JP2012032572A - Optical fiber cable - Google Patents

Abstract

The present invention provides an optical fiber cable having a structure that is not damaged by puncture of an optical fiber core wire by an oviposition tube such as a bear swallow without providing a protective wall member inside the cable.
An optical fiber cable includes an optical fiber core wire 6, tension members 10 disposed on both sides of the optical fiber core wire 6, and a cable jacket 9 that collectively covers these members. The cable jacket 9 has a tensile fracture strength measured in accordance with JIS K7113 of 15 MPa or more, a durometer hardness measured in accordance with JIS K7215 of HDD50 or more, and in any cross section perpendicular to the cable axial direction, The length of the line segment connecting the optical fiber core wire or the optical fiber tape core wire and the surface of the jacket is 0.4 mm or more.
[Selection] Figure 4

Description

  The present invention relates to an optical fiber cable for drawing an optical fiber into a subscriber's house. More specifically, the present invention relates to an improvement in a drop optical fiber cable that can prevent an optical fiber from being damaged by a stab by making it possible to prevent the entry of an oviposition tube during spawning of a cocoon such as a courge.

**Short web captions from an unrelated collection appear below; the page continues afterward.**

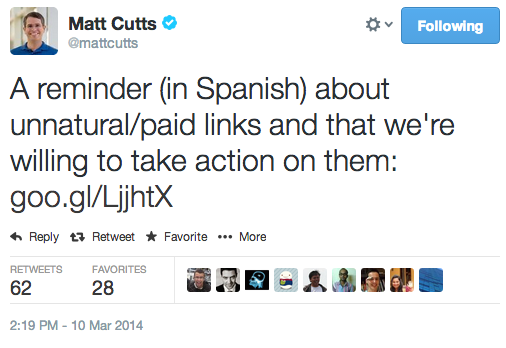 matt-cutts-tweet-liens-espagne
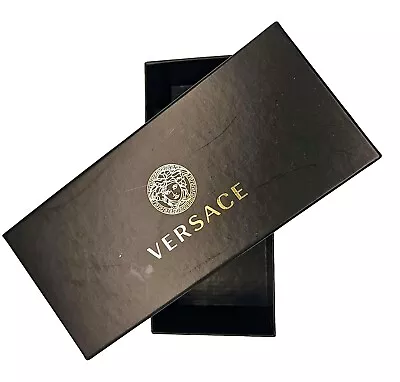 VERSACE Black Gift Box For Sunglasses/Eyeglasses Hardshell Case  & Glass Wipe • $19.99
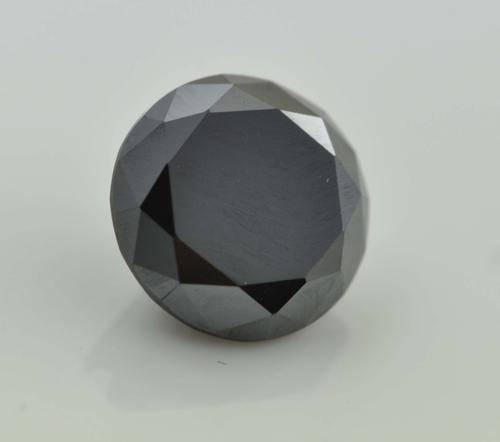 Beautiful Huge 7.82ct Certified Black Diamond Round Cut. Free Certificate
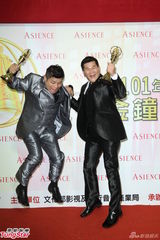 组图：澎恰恰许效舜获金钟综艺节目主持人奖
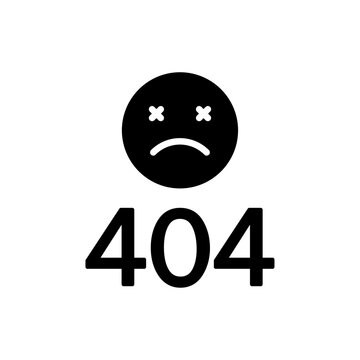 404 Error icon Isolated flat vector in outline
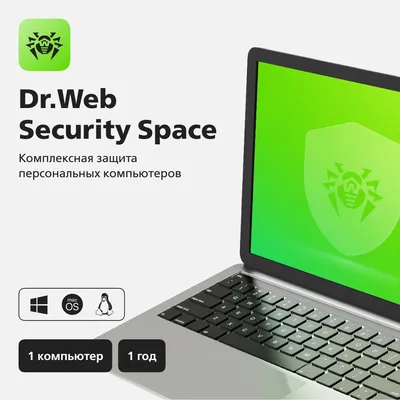 Антивирус Dr.Web Security Space LHW-BK-12M-1-A3, 1 ПК, 12 мес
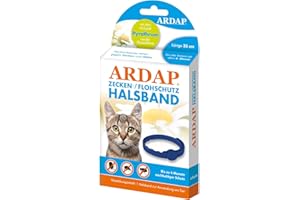 ARDAP Zecken- & Flohschutzhalsband für Katzen ab dem 4. Monat - Bis zu 4 Monate nachhaltiger Langzeitschutz - Natürlicher Wirkstoff gegen Zecken & Flöhe (PT19)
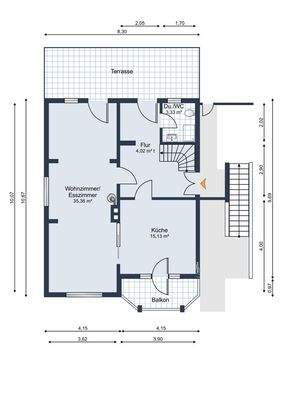 Grundriss Erdgeschoss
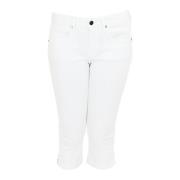 Witte Denim Jeans voor Stijlvolle Look Burberry , White , Dames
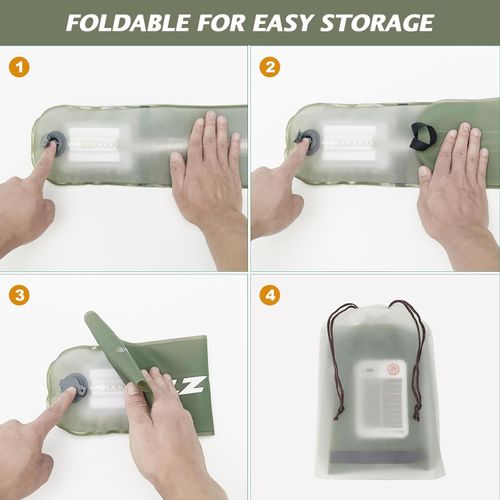 Solar Rechargeable Inflatable Camping Light | Portable Magnetic Foldable LED Tent Lantern, Multi Charging Ways, Emergency Power Bank For Outdoor Kenya Camping Home Power Cut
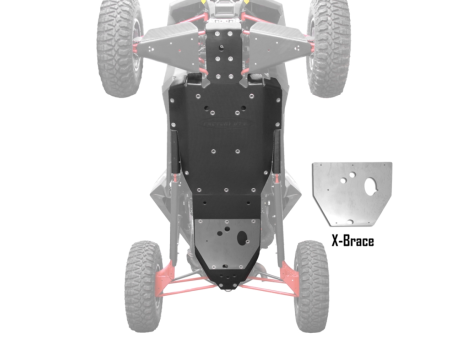 Polaris RZR RS1 X-Brace for UHMW Skid Plate Online now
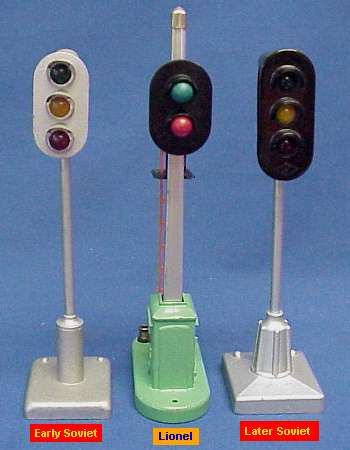 Photo of 2 Soviet block signals & one from Lionel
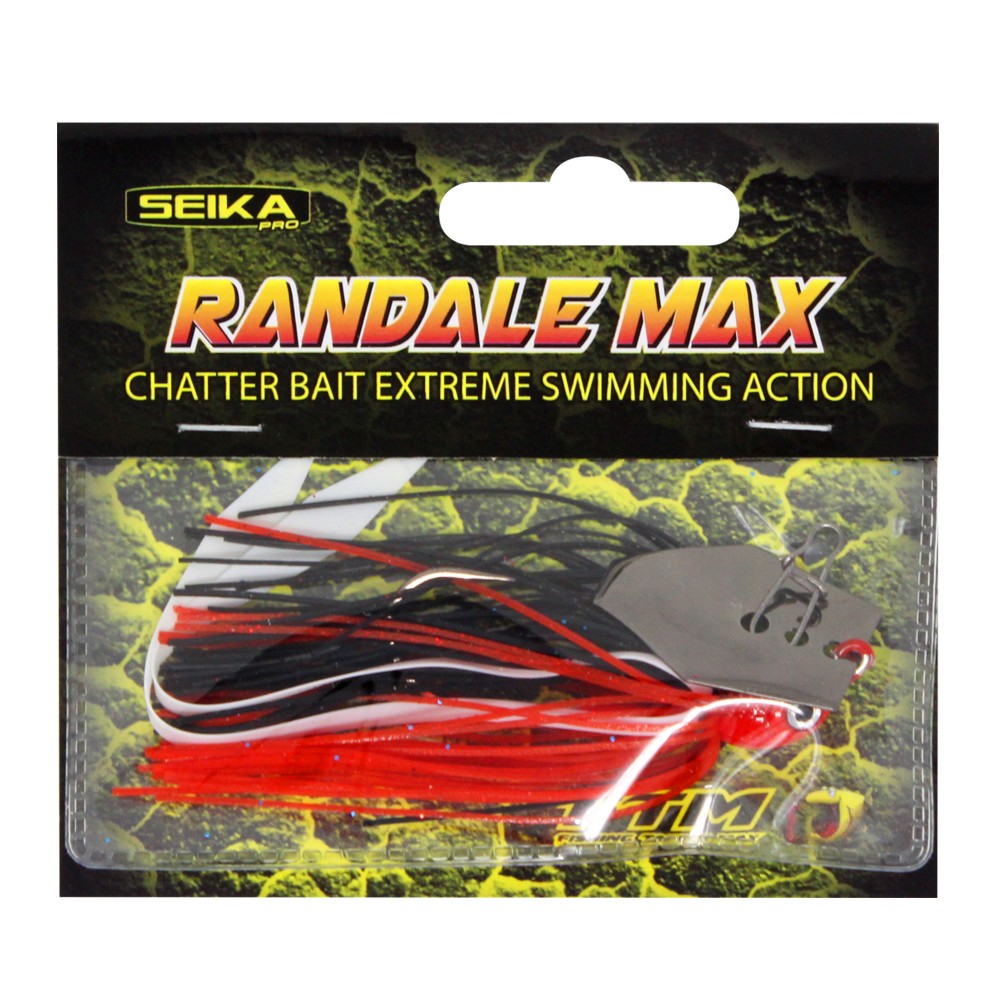 Seika Pro Randale Max Chatterbait 14g - schwarz-rot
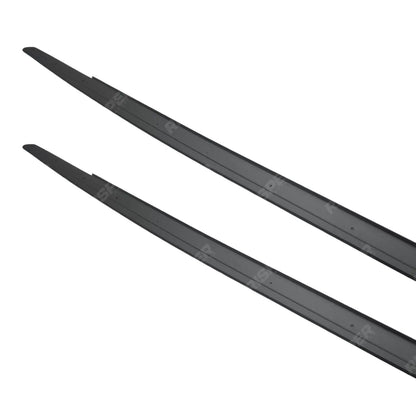 Bmw 5 Series F10 M Sport 2009-2017 Side Skirt Splitters In Matte Black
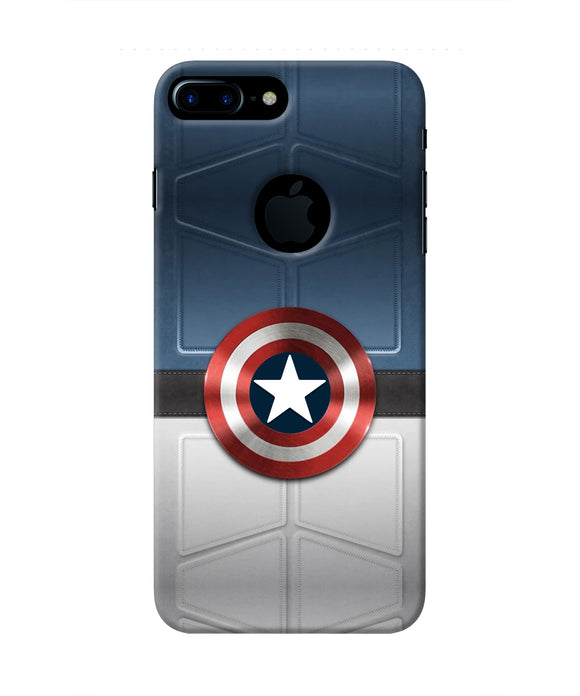 Captain America Suit Iphone 7 plus logocut Real 4D Back Cover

The drop optical fiber cable is configured such that the optical fiber core wire, the tension member, and the support wire are arranged so as to be included in the same plane and are collectively covered with a jacket. When a drop optical fiber cable is used in an aerial environment, there are many cases in which the outer sheath of the cable is damaged due to the stab wound by the spawning of the bearfish and the internal optical fiber core is broken (see Non-Patent Document 1).
The cause of the failure is that the bearfish punctures the egg-laying tube into the drop optical cable for laying eggs and damages the inner optical fiber. In detail, when the drop optical fiber cable is invaded by the laying tube, the stress is concentrated on the intruded portion, and the optical fiber is broken and broken. Therefore, as these countermeasures, a drop optical fiber cable in which a protective wall member is provided inside the cable has been devised and used in order to keep the invasion of the laying tube at a certain depth (see Patent Document 1).

JP 2006-195109 A

Kimio Ando et al., B-10-17 “Study on Drop Optical Fiber Cable Technology for Countermeasures against Semi-damage”, 2001 IEICE General Conference Proceedings Communication 2, March 7, 2001, pp. 450

However, the conventional countermeasure article is effective for stab damage caused by the spawning tube of the bearfish, but the provision of the protective wall member has caused an increase in the cable material cost.
In addition, the conventional countermeasure article has a problem that the construction cost increases because the number of steps for removing the protective wall during construction increases, and further, the construction becomes complicated.

  The present invention has been made in view of such problems, and the object of the present invention is to prevent the optical fiber core from being stabbed by an oviposition tube such as a bear swallow without providing a protective wall member inside the cable. It is to provide an optical fiber cable having no structure.

In order to achieve the above object, in the present invention, even if the laying tube enters and the cable jacket is damaged, the inner optical fiber core is not affected by the stab, that is, allowed. “Hardness (durometer hardness)” and “Tensile strength (tensile fracture strength) that the cable jacket should have in order to prevent the penetration of the laying tube from reaching its allowable depth after clarifying the“ stab depth ” ) ”Was clarified by experiments and the cable structure was clarified.
As a result, the present invention has the ability to prevent damage to the optical fiber core wire due to the puncture of the spawning tube of the black oak without providing a protective wall member, and can be manufactured at a low cost, thereby improving the workability during construction. Can be improved.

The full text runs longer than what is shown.